“Cumhuriyetimizin 95’inci yaşı kutlu olsun!” sözleri ile başlayan Başkan Gültekin Aydın, “ Türkiye Cumhuriyeti Devleti 95 yıl önce her türlü zorbalığa, işgale, talana, yok etmeye karşı cesaretle çarpışan, kundaktaki bebesini, gözü yaşlı anasını, dilinden duaları eksik etmeyen eşini bırakıp aziz vatan toprakları için bedel ödemeye giden yiğitler; gerek cephede, gerek cephe gerisinde kadın, yaşlı, çocuk demeden korkusuzca mücadele eden kahramanlar sayesinde kurulmuştur. Bu yiğitlerin önderi gözü pek, bıçağı keskin, silahı tetikte, vatan ve millet aşkı ile yanıp tutuşan, esareti asla kabul etmeyen, emperyalizmi Türk milletinin kaderi olmaktan çıkarmaya ant içen Ulu Önder Atatürk olmuştur. Bu devletin her bir ferdi köklerinden birbirine sımsıkı bağlanmıştır. Ecdadımız en karanlık dehlizlerin hizmetkârlarını imanı, bağımsızlığa olan hasreti, eşi benzeri olmayan inancı ile yenmiştir. İnönü Savaşlarında, Çanakkale’de, Sakarya Meydan Muharebesi’nde, Kurtuluş Savaşı’nda, Büyük Taarruz’da ve daha nice savaşta Türk milleti kahramanlıkları ile düşmanı dize getirmiştir. Vatan bilinci yüksek, kutsal bayrağımıza sahip çıkan, zindanda yaşamaktansa, canını feda etmeyi yeğleyen Türk milletine, 29 Ekim 1923 tarihinde Cumhuriyeti hediye eden Atatürk, aynı zamanda modern bir devlet inşa etmiştir.

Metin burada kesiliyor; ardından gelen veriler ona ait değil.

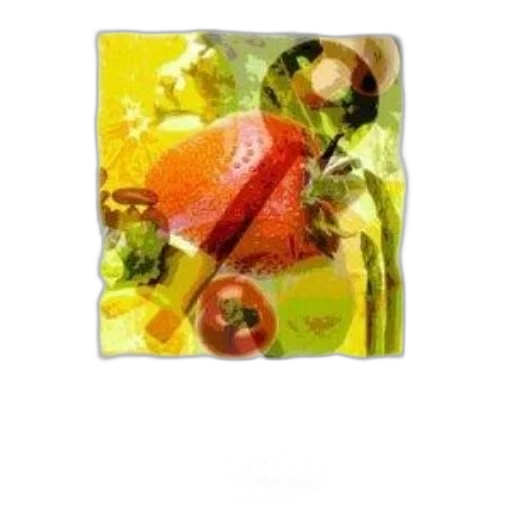food, jewelry, staff, crown, oil painting, photorealistic, watercolor, 3d render transparent PNG cut-out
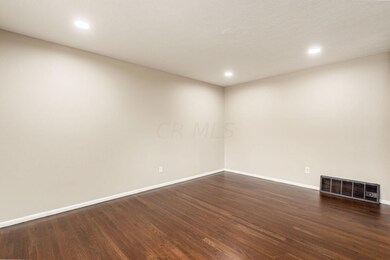 009_467_F 5101 Hatfield Dr018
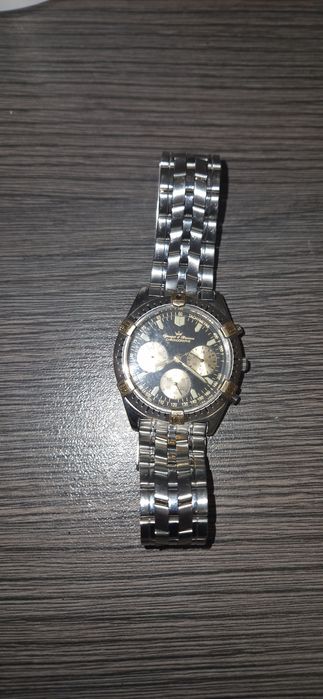 Ceas young&breston original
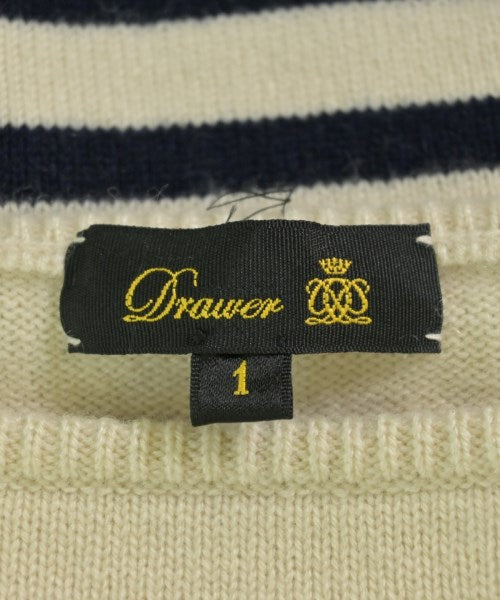Drawer 毛衣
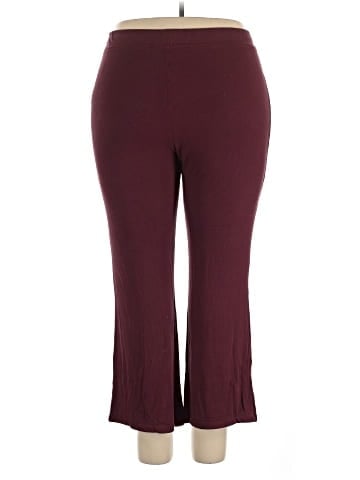 Banana Republic Active Pants (view 2)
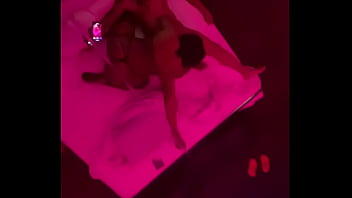 Amateur, Homemade, Wife, Ebony, Big-ass, Bbw - Amateur - 2025 - Passionate - Scene - Video 2001547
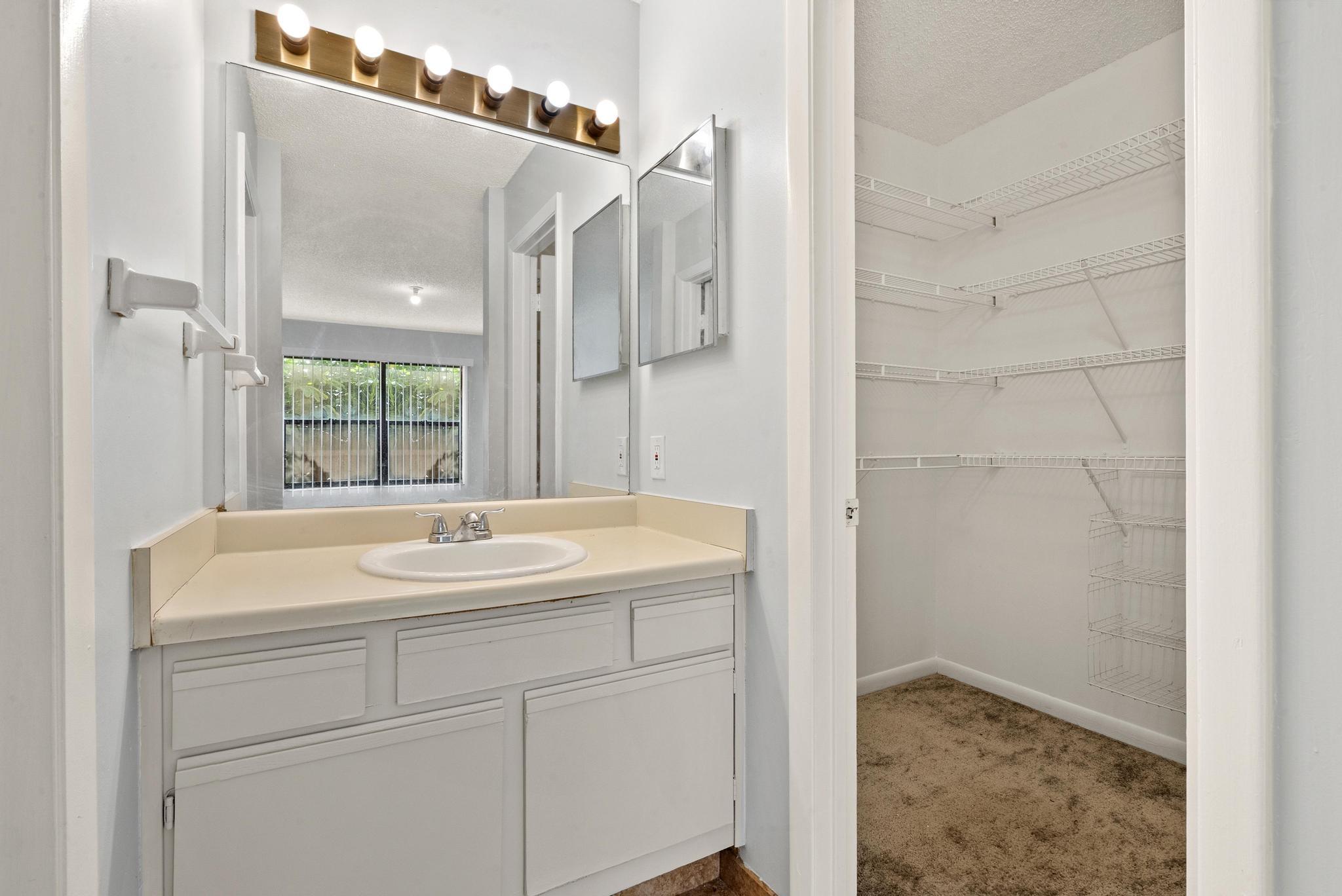 4201 West McNab Road, Unit 25 Pompano Beach, FL 33069 - Photo 14 of 28 DSC07156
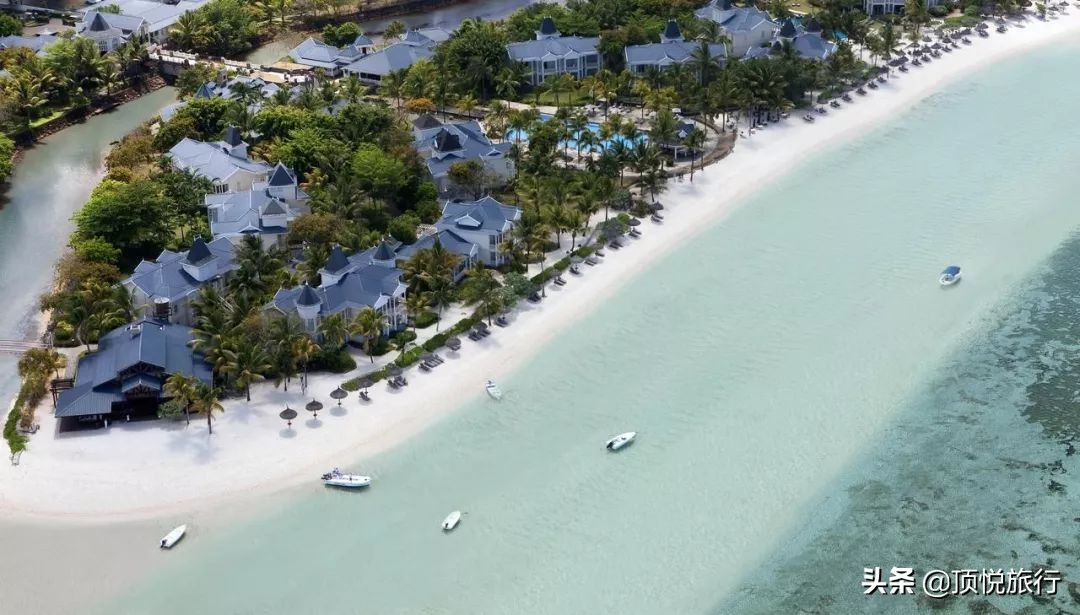 海陵岛十大奢华酒店价格,国内十大岛边度假酒店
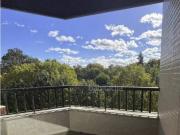 Piso en Venta en Oviedo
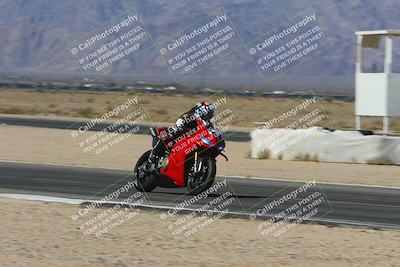 media/Mar-09-2025-TrackXperience (Sun) [[4c2000c718]]/3-Level 2/Session 3 (Back Straight Speed Pans)/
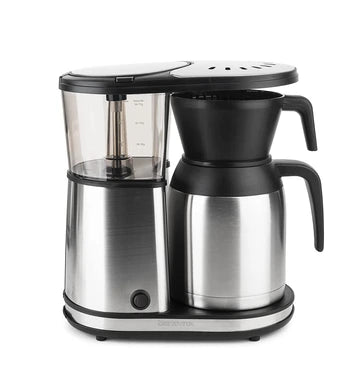 Introducing The Chorreador de Cafe: Costa Rica's Original, Classic Coffee  Maker!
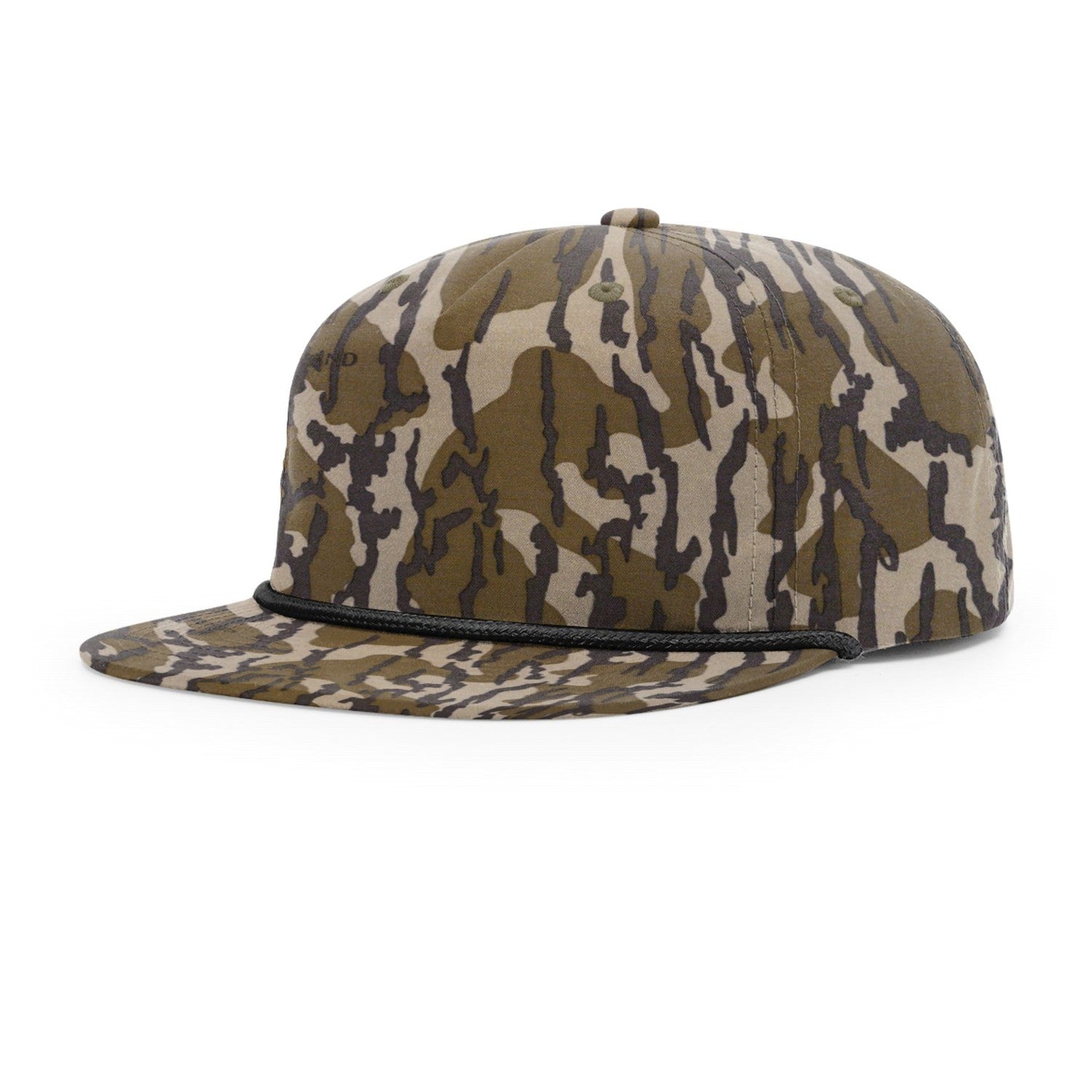 Richardson Printed Umpqua Gramps Cap 256P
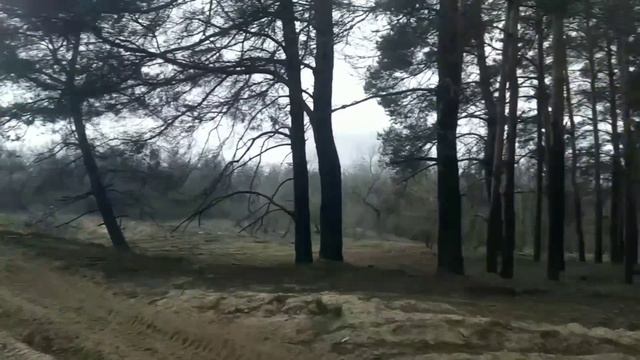 Крынки 2 смотреть онлайн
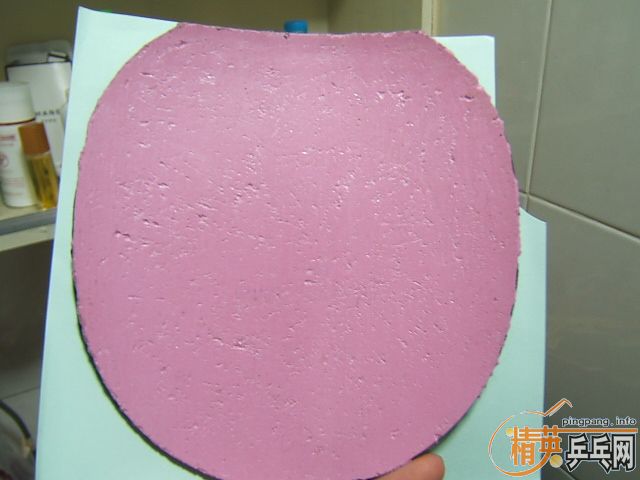 [ԭ��]������ŷ���ڣ�.��ʵ�ı�����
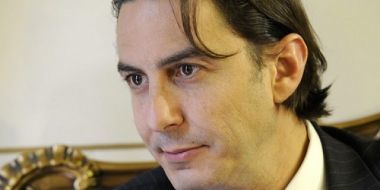 Μήνυμα ΗΠΑ σε Λαφαζάνη: Μας ενώνουν περισσότερα απ΄ ότι μας χωρίζουν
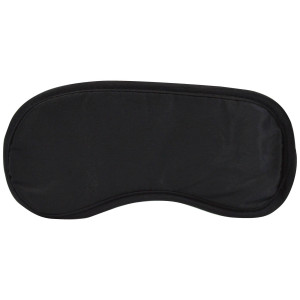 Toys Inc. Bdsm mask - Love Mask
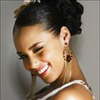 smileys 27595-alicia_keys43.jpg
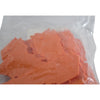 Pack of 17 NEW WAGO 2116-1392 End Intermediate Plate TOPJOB S 16mm Orange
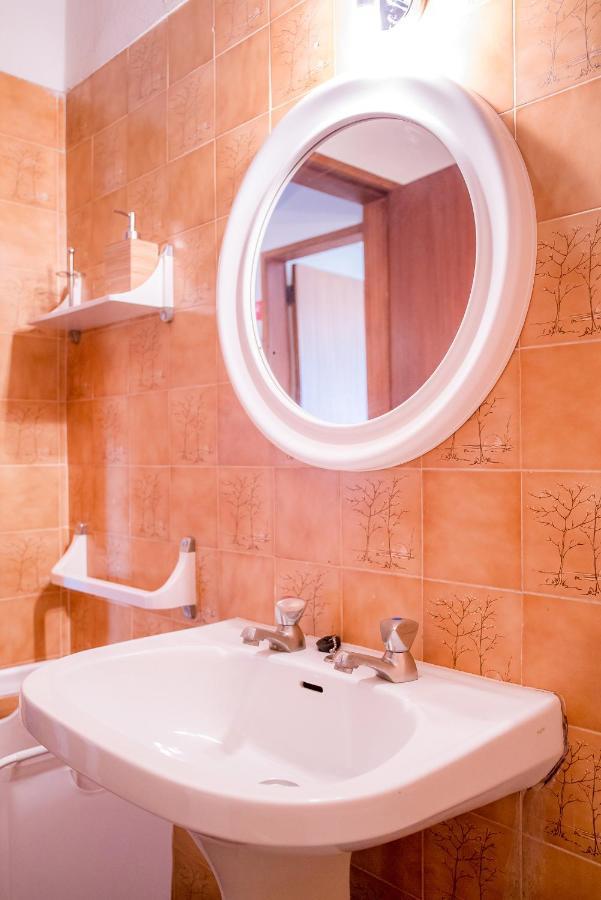 A02 - Dona Ana 1 Bed Apartment Lagos Eksteriør bilde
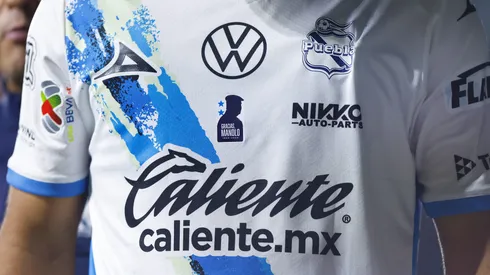 José Pachuca sería un fichaje que podría levantar polémica entre la afición del Club América.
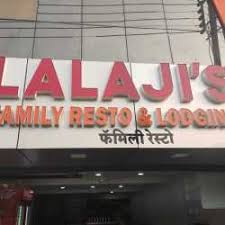 1764766564_download - 2025-12-03T182433.362.jpeg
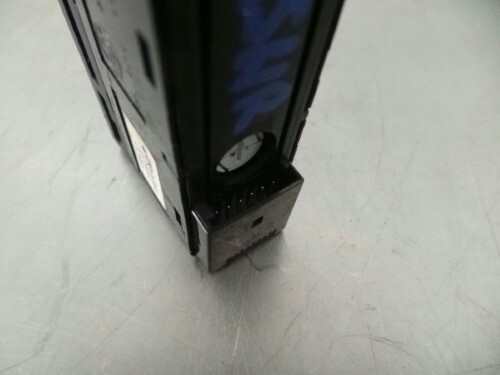 BMW E46 3 SERIES E85 E85 Z4 E53 X5 Hazard Lock Switch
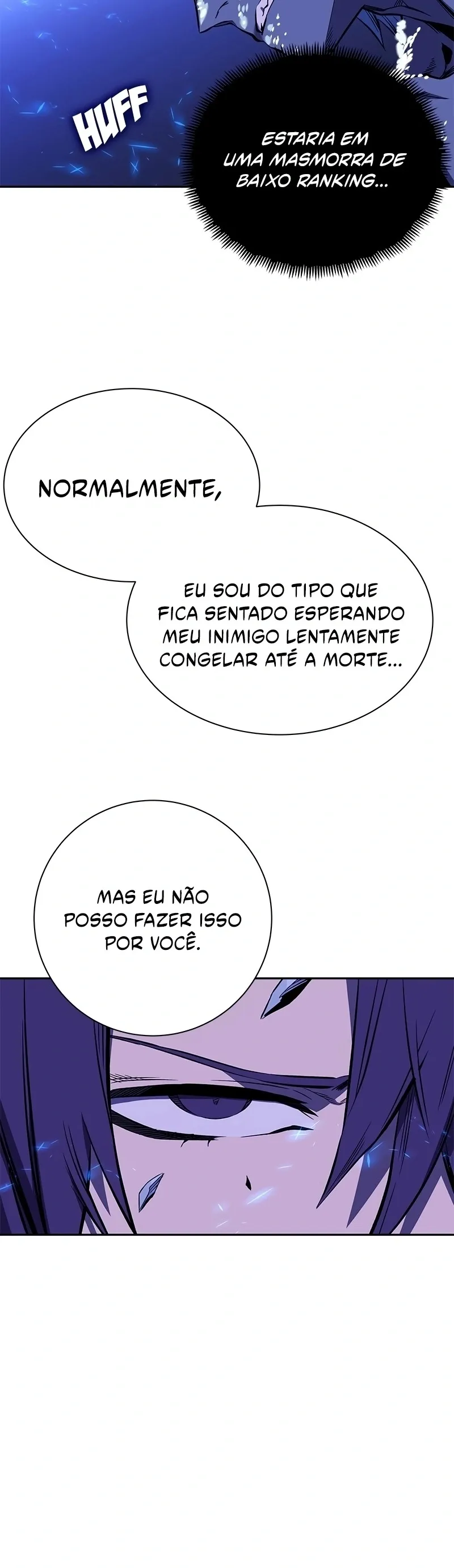 Página 61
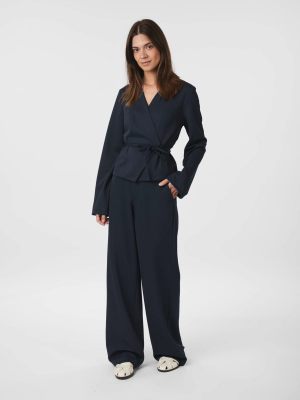 Neo Noir broek  162508-141 3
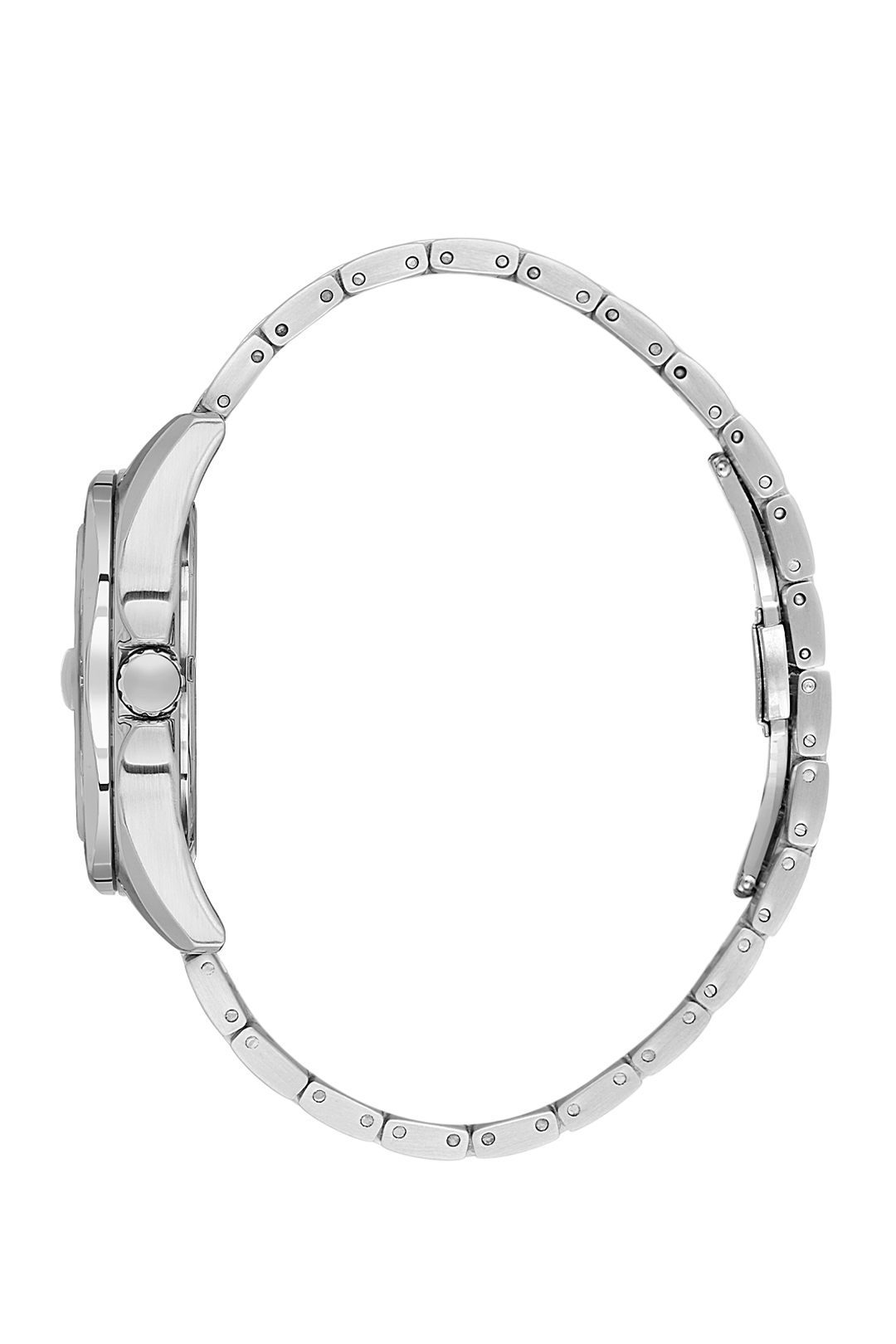 DANIEL KLEIN DK.1.13978-4 MEN WATCH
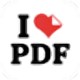 iLovePDF v0.9.662ɫ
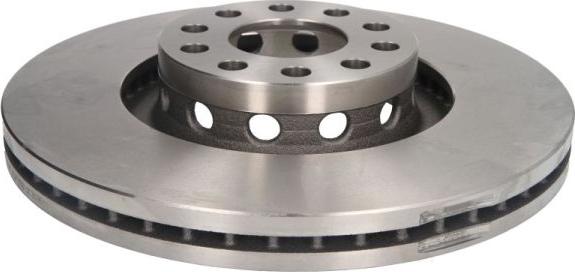 ABE C3A025ABE - Brake Disc car-mod.net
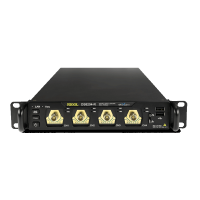 普源精电RIGOL DS8000-R数字示波器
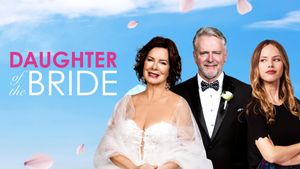Daughter of the Bride's poster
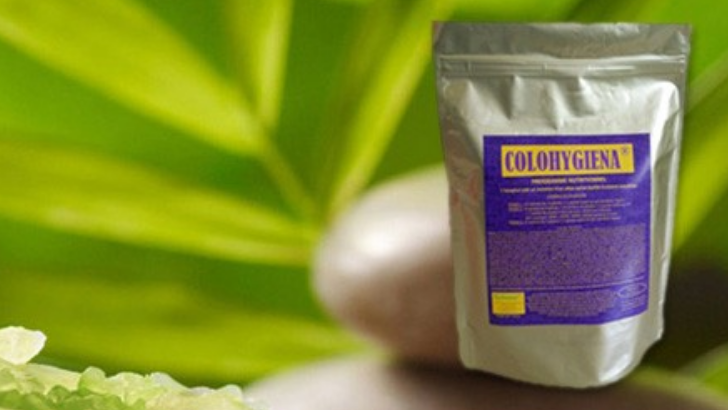 normandy-vitamine-c-des-complements-alimentaires-sous-forme-de-gelule-poudre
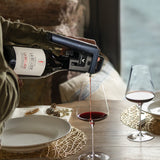Timeless Six Wine Exploration Bundle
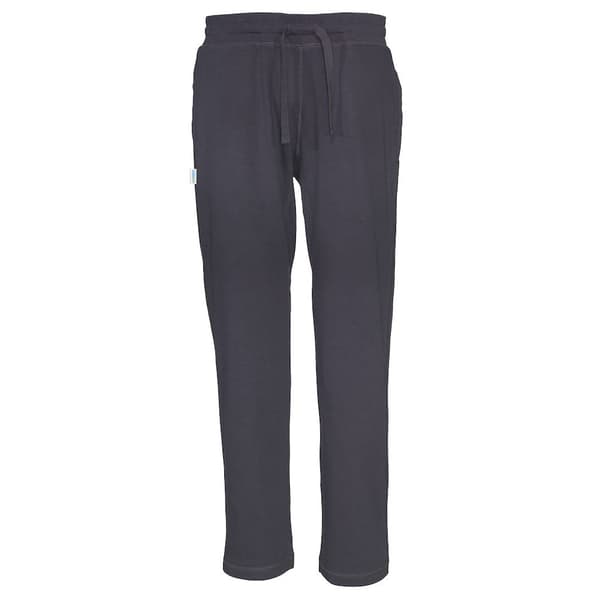 Cottover Mens Jogging Bottoms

Cumhuriyet; özgürlük, demokrasi, uygar ve aydınlık yarınlar demektir. Cumhuriyet; halkın egemenliği, refahı, topraklarımızın bekası demektir. Cumhuriyet; ayrılıkçı, bölücü unsurlara geçit vermeyen, birleştirici ve bütünleştirici ruh demektir. Bu birleştirici ve bütünleştirici ruh, tutkal gibi birbirine sımsıkı bağlılık Öğrenci Andı’nda da kendini göstermektedir. Bilindiği gibi Türk Eğitim-Sen olarak Öğrenci Andı’nın kaldırıldığı gün, konuyu yargıya taşımıştık. Danıştay 8’inci Dairesi de talebimizi doğru bularak ve çok haklı gerekçelerle Öğrenci Andı’nın okutulması gerektiğini bildirdi. Hükümet’in tutumu, MEB’in konuyu temyize götürmesi biz eğitimcilerde hayal kırıklığı yaratmıştır. Keşke MEB bu yolu tercih etmeseydi, Öğrenci Andı Cumhuriyetimizin 95’inci yılında öğrencilerimize yeniden armağan edilseydi.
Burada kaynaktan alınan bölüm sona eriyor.